Camera di Consiglio
UTILIZZABILITA’ DEI MESSAGGI WHATSAPP NEL PROCEDIMENTO PENALE – A seguito di una sentenza resa dalla Corte d’Appello, un uomo veniva assolto dal reato di maltrattamenti in famiglia di cui era imputato, poiché si riteneva sussistente un ragionevole dubbio circa la condotta contestata. La decisione era stata basata anche dalle perizie psichiatrica e psicologica, che segnalavano come l’uomo fosse profondamente sofferente per la separazione coniugale e per la difficoltà di mantenere le relazioni con i figli: si rendeva, dunque, necessario acquisire, ai fini della predetta decisione, anche la produzione documentale dall’imputato, alla luce del fatto che tutti i testi escussi avevano fornito delle dichiarazioni tratte da quanto appreso dalla persona offesa nel periodo di massima crisi della coppia. In particolare, i contenuti delle conversazioni su whatsapp collocate nel periodo di massima crisi mostravano l’esistenza di un rapporto fra i coniugi e dell’imputato con i figli del tutto antitetico a quando riferito.

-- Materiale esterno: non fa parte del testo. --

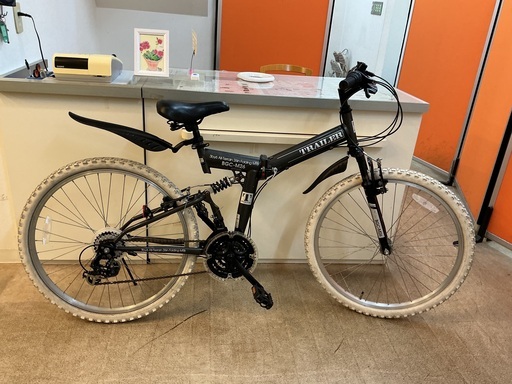 喜ばれる誕生日プレゼント 整備済＞TRILERトレイラー BGC-M26 折りたたみ 26インチ 自転車本体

Appariva, dunque, evidente che la moglie, in quel momento, avesse inconsapevolmente enfatizzato le ragioni della crisi matrimoniale in chiave “unilateralmente colpevolista”.
La moglie, di contro, proponeva ricorso per Cassazione chiedendo l’annullamento della sentenza impugnata e la condanna dell’imputato al risarcimento dei danni materiali e morali come liquidati dal Tribunale in primo grado, sulla base di vari motivi di censura, tra i quali, in particolare, rilevava come la riforma della sentenza in appello sarebbe derivata dalla valutazione del contenuto dei messaggi whatsapp che non sarebbero stati acquisiti secondo modalità corrette, poiché la mera stampa di una serie di messaggi non avrebbe di per sé valore probatorio, a meno che non ne venga verificata la attribuibilità con una perizia che dimostri la provenienza dal dispositivo telefonico da cui si dicono tratti, secondo determinate linee guida.
Secondo la donna, infatti, spesso l’ex marito si sarebbe impossessato del suo telefono e che non fosse dimostrato che i due fossero compresenti nello scambio di messaggistica.
La Corte riteneva la doglianza inammissibile: invero, secondo Giurisprudenza costante, i messaggi whatsapp e gli sms conservati nella memoria di un telefono cellulare hanno natura di documenti prevista ex lege, sicché è pienamente legittima la loro acquisizione mediante mera riproduzione fotografica. Nel caso di specie, infatti, non dovevano essere applicate né la disciplina delle intercettazioni, né quella relativa all’acquisizione di corrispondenza previste dal Codice penale, essendo in presenza della mera documentazione ex post di flussi di messaggistica. Per la concreta utilizzabilità della trascrizione delle conversazioni whatsapp, la necessità di acquisire il supporto telematico contenente la relativa registrazione deve essere valutata in base al fatto concreto e nel caso di specie la difesa della donna non si era opposta all’acquisizione della messaggistica senza debita perizia. Ne conseguiva che: “la difesa della parte civile non ha contestato i contenuti delle conversazioni in sé considerati e la loro idoneità, come ritenuto dalla Corte di appello, a condurre a una rivalutazione del quadro probatorio rispetto alla sentenza di primo grado. Né ha sviluppato argomentazioni circa la non decisiva rilevanza, nella prospettiva della assoluzione, dei contenuti delle conversazioni via whatsapp acquisite”.
Pertanto, la sentenza di assoluzione veniva confermata, alla luce di mancanza di eccezioni.